There are three locations:
- Greenlawn, in South Bend, Indiana
- Meadow View, in Falls Church, Virginia
- River Ridge, in Eagan, Minnesota

===Brotherhood of the People of Praise===
The Brotherhood of the People of Praise is a private association of the Christian faithful with official status in the Catholic Church.

While the People of Praise religious community has no official ties with any Christian church or denomination, a number of Catholic men who are members of this community have sought to regularize their status with the Catholic Church in order to be ordained Catholic priests. This group of men now has official status in the Catholic Church as a private association of the Christian faithful. "It has a membership of about 12 men, four of them now priests." Peter Leslie Smith, a member of the group, was named an auxiliary bishop for the Archdiocese of Portland in Oregon by Pope Francis and was ordained a bishop on April 29, 2014.

==Reception==
Ralph C. Martin, the president of Renewal Ministries, who previously managed the 'association of covenant communities' alongside People of Praise leadership, stated in the National Catholic Register that People of Praise is "part of the papally-approved mainstream of the Catholic Charismatic Renewal, which has been encouraged by every pope since Vatican II, none more strongly than Pope Francis."

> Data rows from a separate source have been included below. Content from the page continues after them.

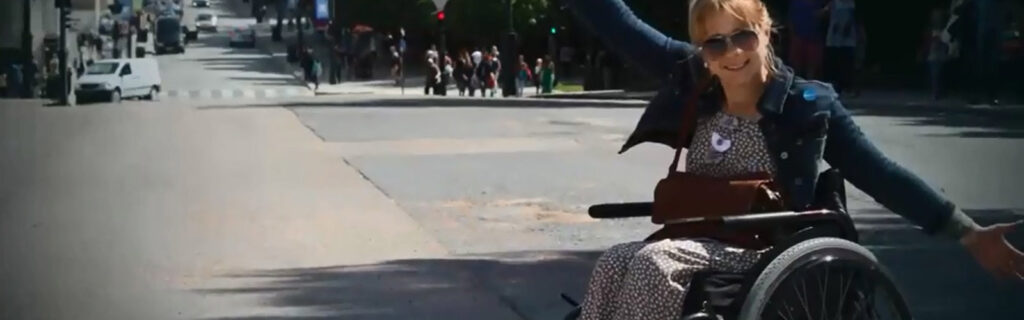 Screenshot of Yulia in wheelchair raising her arms outside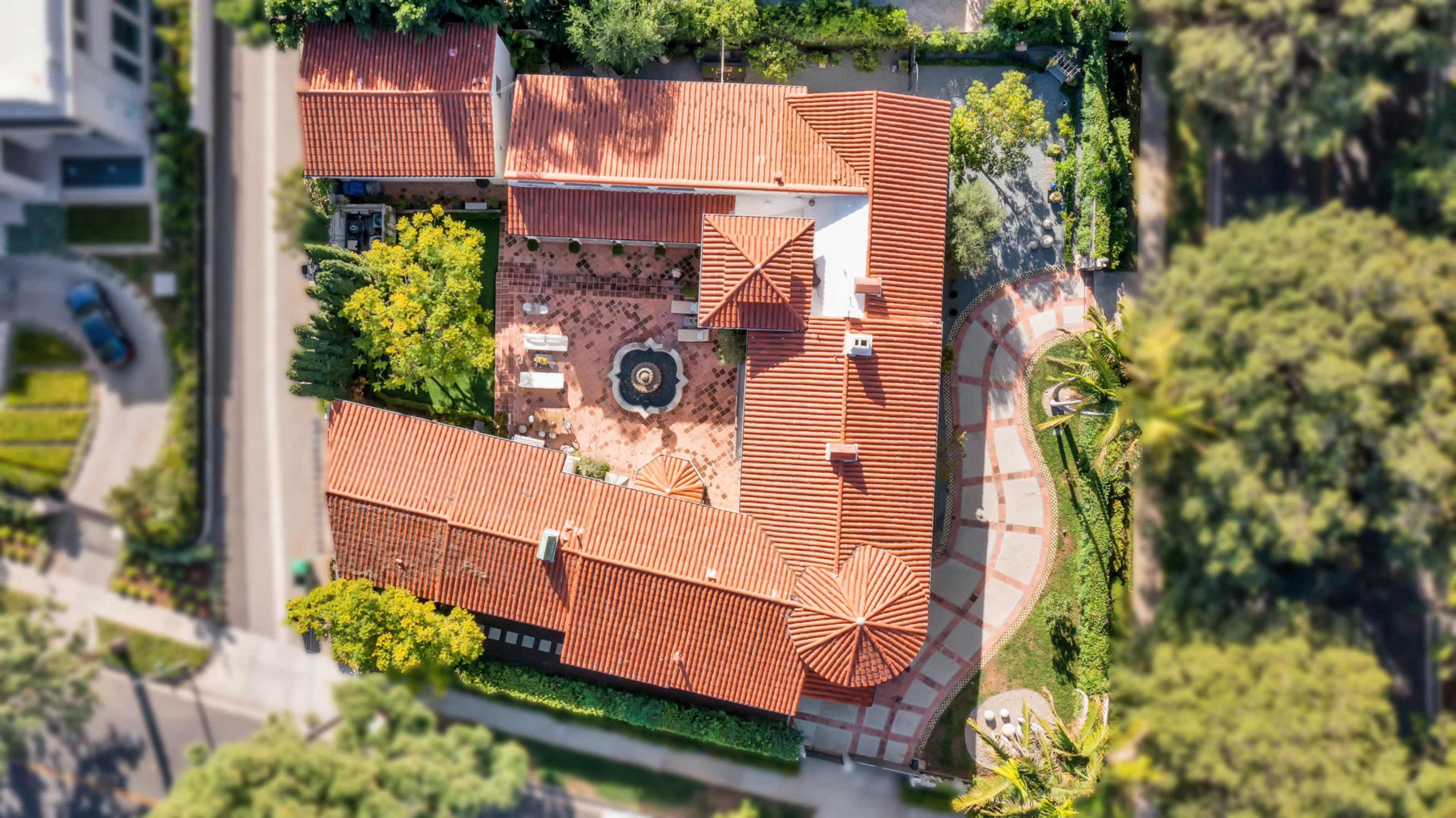 An aerial view of a residential property with a red-tiled roof, surrounded by trees and a landscaped yard.
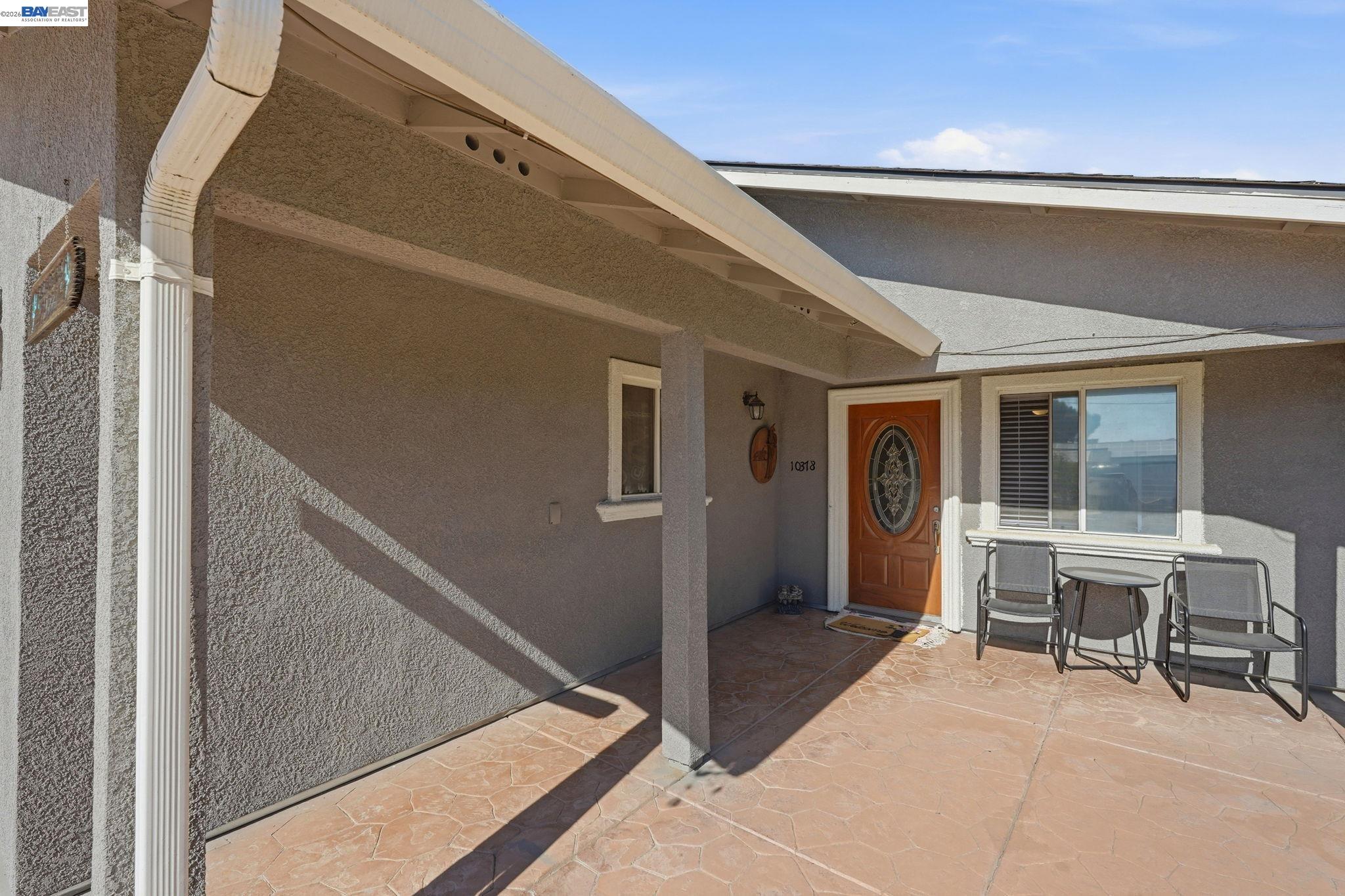 10378 South Priest Road French Camp, CA 95231 - Photo 4 of 44 a balcony with table and chairs and potted plants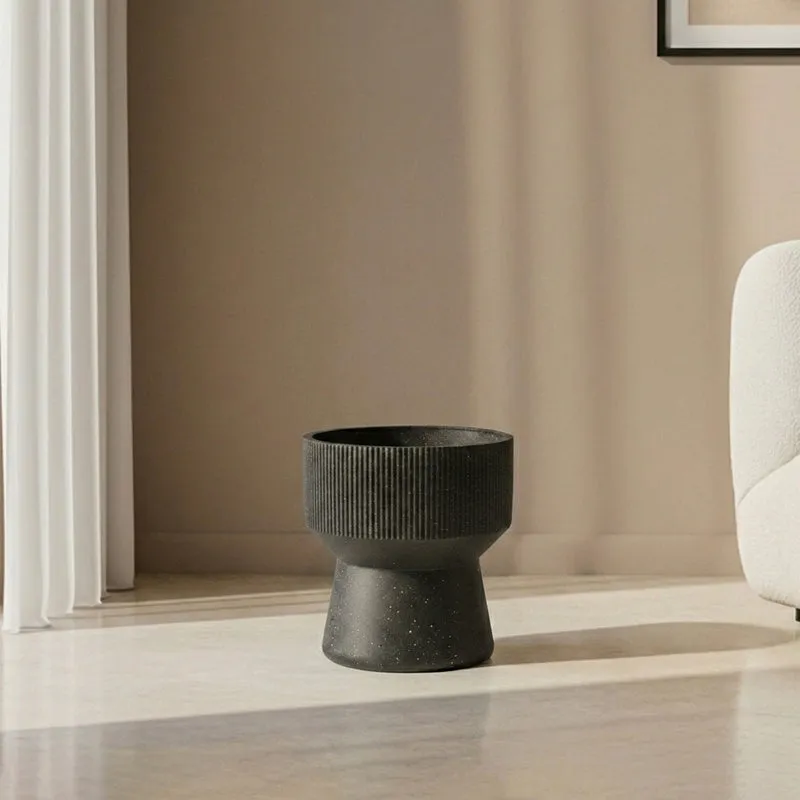 Empty black ribbed pedestal planter shown on a neutral living room floor.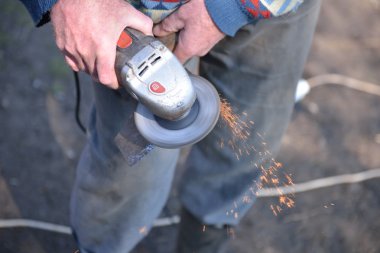 Bir adamın yakın elektrik değirmeni kullanarak bir balta keskinleştirmek. Sparks w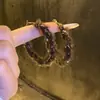 Pendientes Redondos de Punto de Lana Aguja de Plata, Pendientes de Moda y Personalizados, Lujo Ligero, Pendientes de Gama Alta y Versátiles al por Mayor para Mujeres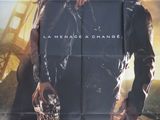 L'affiche du film « Terminator » est accrochée au mur.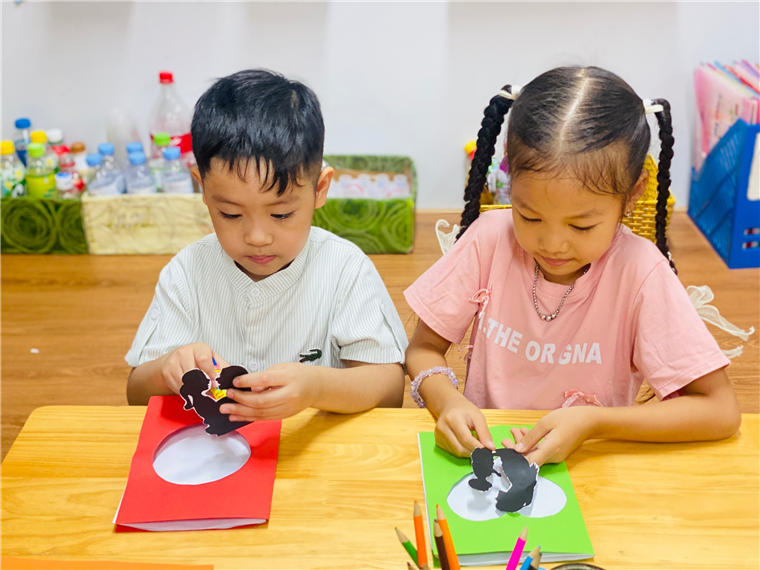 A child and child sitting at a table with paper cutouts
Description automatically generated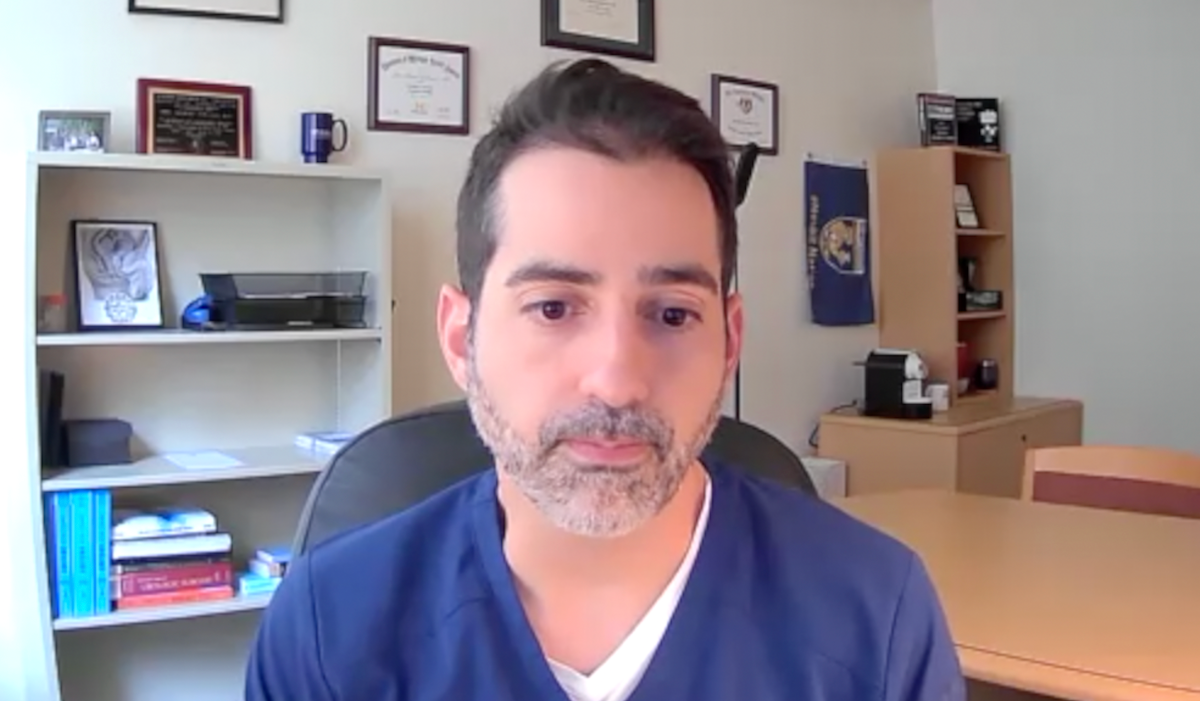 John Michael DiBianco, MD, answers a question during a Zoom video interview
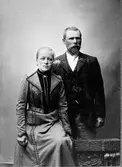 Ett par, man och kvinna, uppställda för fotografering.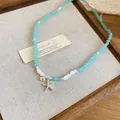 Handmade beach style teal beaded necklace with silver starfish and shell charms. - Silver-Blue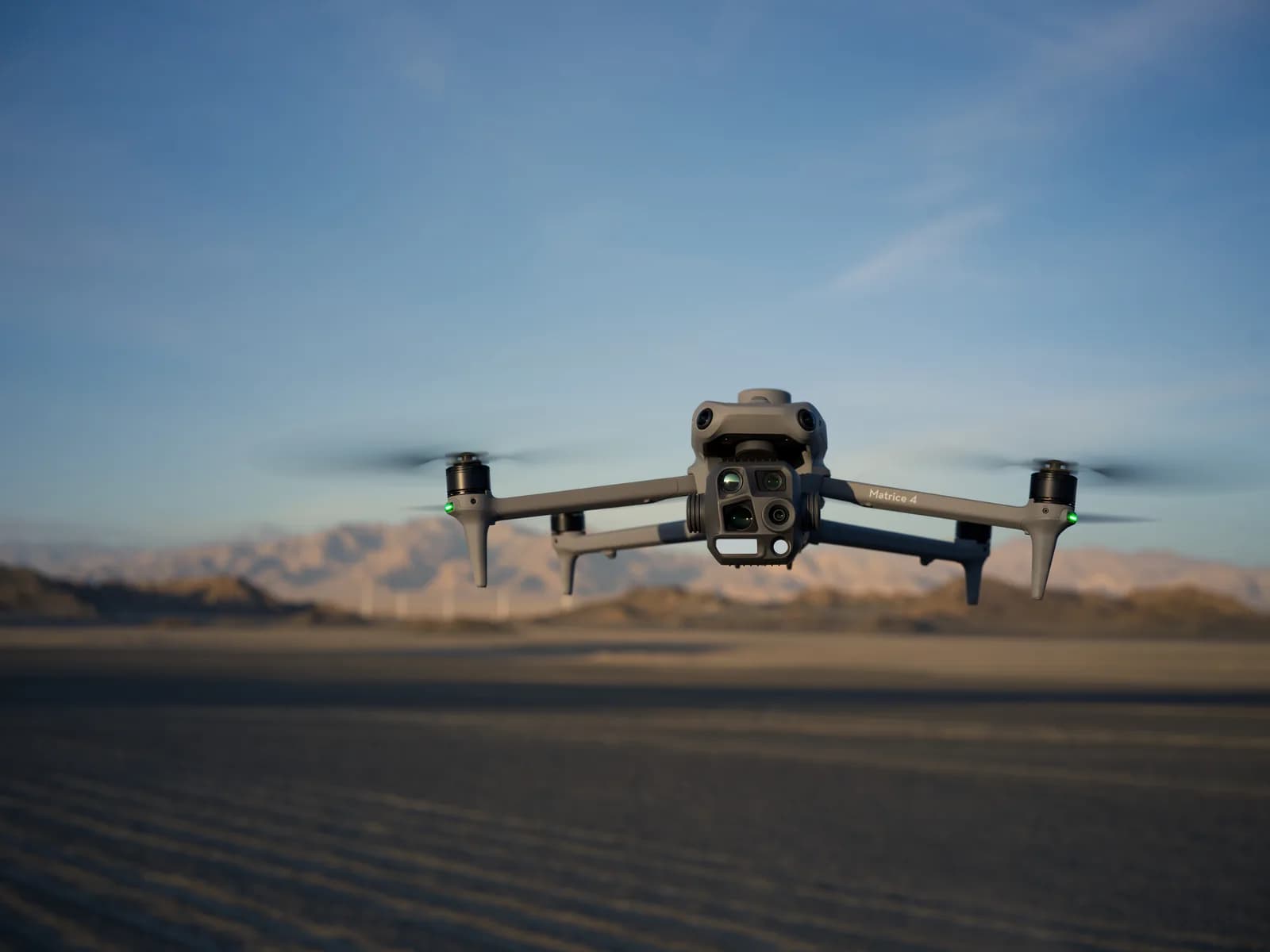 DJI Matrice 4T en vol stationnaire au-dessus d'un sol désertique, nacelle thermique face à l'objectif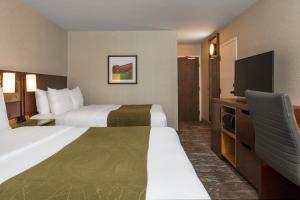 a hotel room with two beds and a flat screen tv at Comfort Inn Newmarket in Newmarket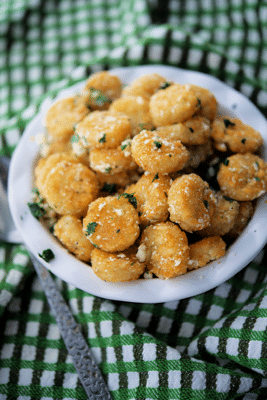 a dish of garlic parmesan tater tots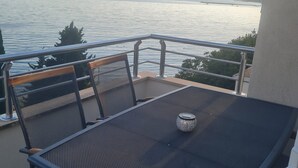 Un balcón con mesa y sillas que da a una masa de agua.
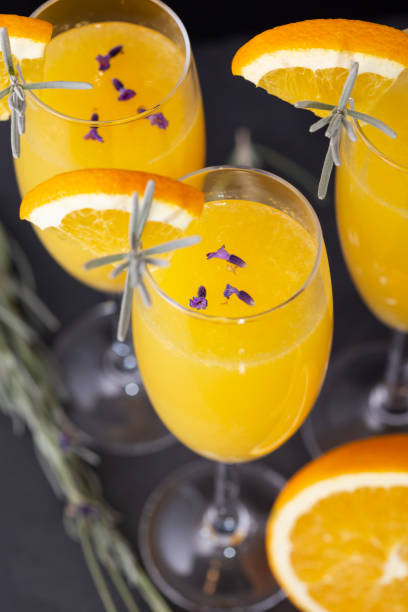 trzy koktajle mimozy - lavender orange fruit table zdjęcia i obrazy z banku zdjęć
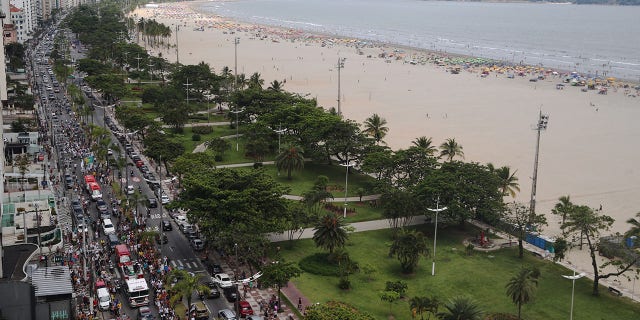 General view of fans as the fire department transports the coffin of Brazilian soccer legend Pelé.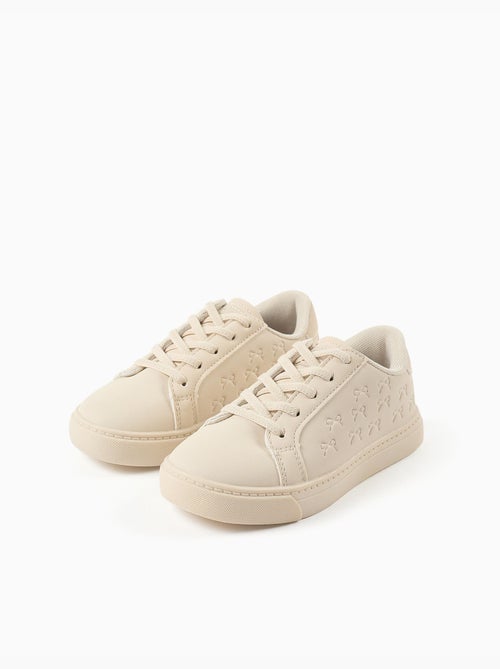 Scarpe da ginnastica con fiocchi in rilievo e lacci elastici - Kiabi Scarpe da ginnastica con fiocchi in rilievo e lacci elastici - Kiabi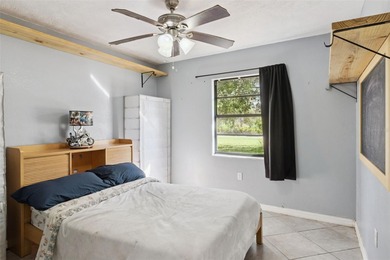 Beautiful 3-bedroom, 2-bath Corner Lot home with tile roof on Indian Lake Estates Golf and Country Club in Florida - for sale on GolfHomes.com, golf home, golf lot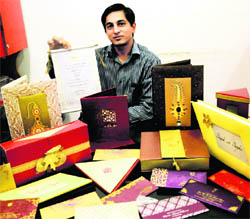 Himanshu displays designer wedding cards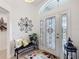 Inviting foyer with a decorative glass front door, bench, and an arched transom window at 383 Harlow Ln, The Villages, FL 32163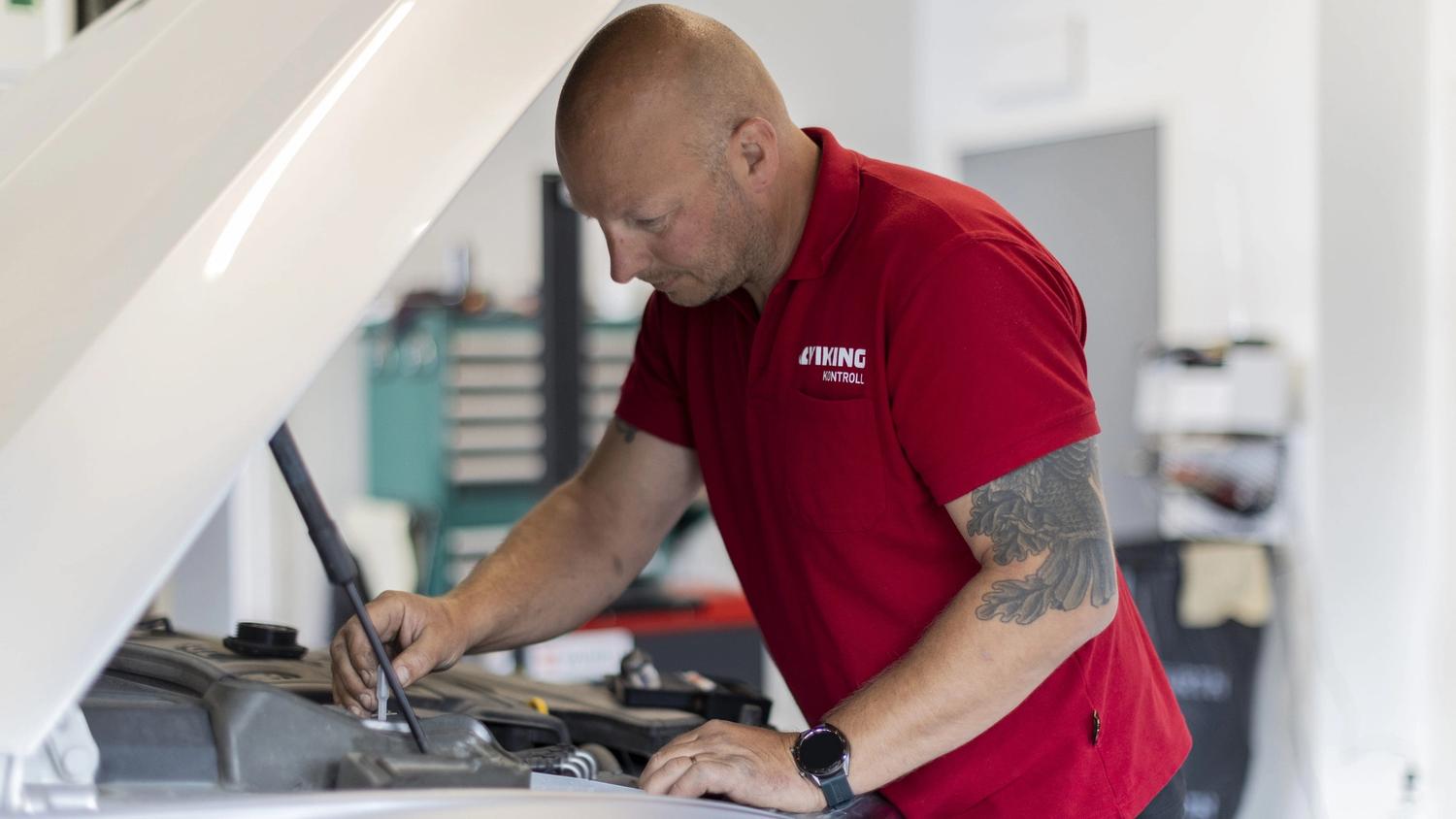 Takstmann som sjekker motorrommet på en bruktbil.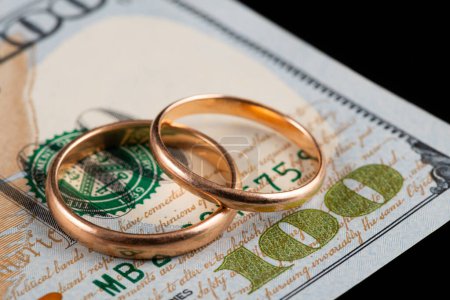 Anneaux de mariage en or sur le fond d'un fragment d'un billet de 100 dollars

Adrian Reimers, a Catholic theological critic and pioneering member of People of Praise from 1971 until his dismissal from the group in 1985, has criticized teachings of People of Praise that he views as authoritarian and male-gender centric and criticized its overall ecclesiastic structure, regretting its sense of primacy vis-à-vis the Church owing to the group's ecumenical nature and in turn its lack of direct oversight by professional Catholic clergy.

Dr Reimers founded the organisation Free Again in Christ to help people leave the People of Praise and similar covenant community groups which Dr Reimers characterises as "particularly powerful means of psychological and social control".

Some former members of People of Praise have described the group's culture as insular to the point that it felt intrusive and controlling, claims that the group's current members dispute.

After the nomination of Amy Coney Barrett to the Supreme Court, many articles from mainstream press referred to the People of Praise as a cult.

==Allegations of child abuse and cover-up==

===1970s–80s===
In October 2020, former member of the community, Sarah Kuehl, said she and others had been sexually abused when children during the 1970s by a community member who lived in her household. (Kuehl's family at the time belonged to Servants of the Lord, a covenant community that later merged with People of Praise.) Kuehl alleged that leaders in the People of Praise later attempted to "hide and cover up" what they knew about the abuse, as they kept her abuser in the People of Praise community.

===2000s===
In June 2021, the Washington Post interviewed nine members of a Facebook group who claimed to have been sexually abused at People of Praise community, and one person who claimed physical abuse.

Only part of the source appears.